What you will do -
Your task is to repeat the listing exactly.

Data extract -

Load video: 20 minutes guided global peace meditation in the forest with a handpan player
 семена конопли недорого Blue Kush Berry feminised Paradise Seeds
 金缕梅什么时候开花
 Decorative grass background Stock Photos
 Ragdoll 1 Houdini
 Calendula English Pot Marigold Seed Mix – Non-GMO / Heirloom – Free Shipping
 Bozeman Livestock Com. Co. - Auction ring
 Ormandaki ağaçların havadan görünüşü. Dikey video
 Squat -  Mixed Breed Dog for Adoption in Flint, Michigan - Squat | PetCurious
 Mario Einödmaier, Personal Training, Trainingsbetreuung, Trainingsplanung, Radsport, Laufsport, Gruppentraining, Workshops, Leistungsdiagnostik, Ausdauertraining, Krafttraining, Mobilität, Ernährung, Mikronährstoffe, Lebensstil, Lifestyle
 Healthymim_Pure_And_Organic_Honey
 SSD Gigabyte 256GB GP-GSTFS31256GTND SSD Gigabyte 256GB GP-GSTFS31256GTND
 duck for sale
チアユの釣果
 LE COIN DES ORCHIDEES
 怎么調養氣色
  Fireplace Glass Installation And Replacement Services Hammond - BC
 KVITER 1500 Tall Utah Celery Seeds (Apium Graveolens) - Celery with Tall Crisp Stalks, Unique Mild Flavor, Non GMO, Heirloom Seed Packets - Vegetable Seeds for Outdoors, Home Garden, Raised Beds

Solution to the exercise -
Load video: 20 minutes guided global peace meditation in the forest with a handpan player
 семена конопли недорого Blue Kush Berry feminised Paradise Seeds
 金缕梅什么时候开花
 Decorative grass background Stock Photos
 Ragdoll 1 Houdini
 Calendula English Pot Marigold Seed Mix – Non-GMO / Heirloom – Free Shipping
 Bozeman Livestock Com. Co. - Auction ring
 Ormandaki ağaçların havadan görünüşü. Dikey video
 Squat -  Mixed Breed Dog for Adoption in Flint, Michigan - Squat | PetCurious
 Mario Einödmaier, Personal Training, Trainingsbetreuung, Trainingsplanung, Radsport, Laufsport, Gruppentraining, Workshops, Leistungsdiagnostik, Ausdauertraining, Krafttraining, Mobilität, Ernährung, Mikronährstoffe, Lebensstil, Lifestyle
 Healthymim_Pure_And_Organic_Honey
 SSD Gigabyte 256GB GP-GSTFS31256GTND SSD Gigabyte 256GB GP-GSTFS31256GTND
 duck for sale
チアユの釣果
 LE COIN DES ORCHIDEES
 怎么調養氣色
  Fireplace Glass Installation And Replacement Services Hammond - BC
 KVITER 1500 Tall Utah Celery Seeds (Apium Graveolens) - Celery with Tall Crisp Stalks, Unique Mild Flavor, Non GMO, Heirloom Seed Packets - Vegetable Seeds for Outdoors, Home Garden, Raised Beds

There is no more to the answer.